Het financiële beeld van de dertien onderzochte universiteiten als geheel is weliswaar gezond, maar het totaalbeeld alleen zegt niet voldoende over mogelijke vastgoedrisico’s. Daarvoor is ook zicht nodig op verschillen tussen de vastgoedrisico’s waar afzonderlijke universiteiten mee te maken hebben.

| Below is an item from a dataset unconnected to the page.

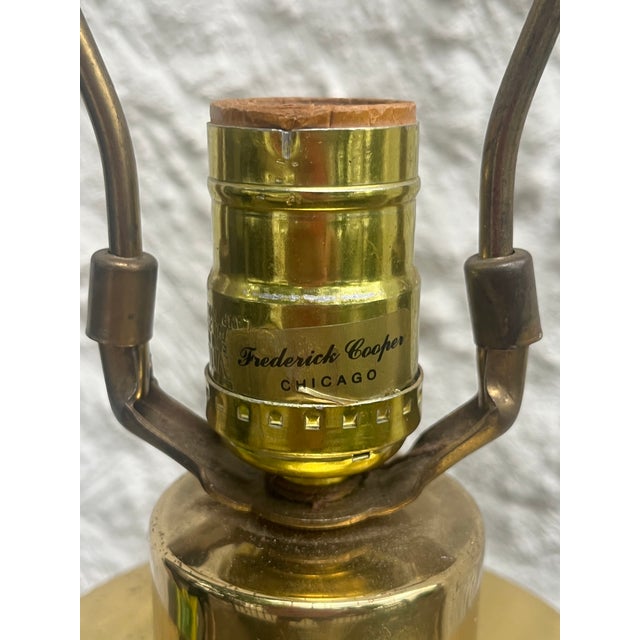 Postmodern Fredrick Cooper Lucite Brass Lamp Karl Springer Charles Hollis Jones Style For Sale - Image 3 of 6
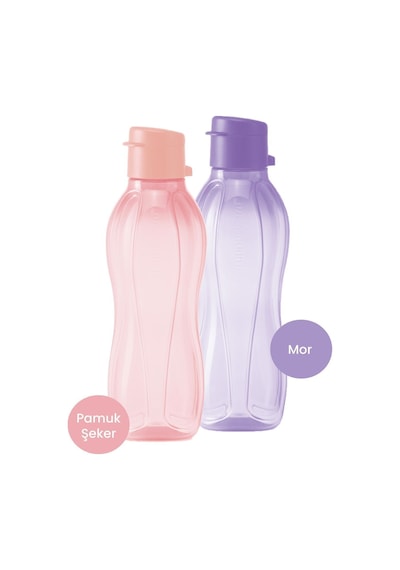 Eco Şişe 2li 500 Ml Suluk Pamuk Şeker Ve Mor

Het is daarnaast belangrijk dat risico’s en misstanden rond huisvesting tijdig worden opgemerkt en gecorrigeerd. Gezien het financiële belang van het vastgoed en het belang van vastgoed voor de kwaliteit van onderwijs en onderzoek zijn goed vastgoedmanagement en goed werkende checks and balances cruciaal. Voor de checks and balances zijn in de eerste plaats een interne auditafdeling, de controller en de financieel directeur belangrijk en komt vervolgens de externe accountant in beeld. In het geheel van interne checks and balances is de rol van de raad van toezicht van doorslaggevend belang. Deze zou moeten (kunnen) vaststellen of aan een aantal basisprincipes van goed vastgoedmanagement is voldaan en moeten ingrijpen daar waar nodig.

Aanbevelingen

Aanbeveling aan de minister: verhoog vergelijkbaarheid en informatiewaarde van de  continuïteitsparagraaf in het jaarverslag van de universiteiten door het stellen van nadere eisen.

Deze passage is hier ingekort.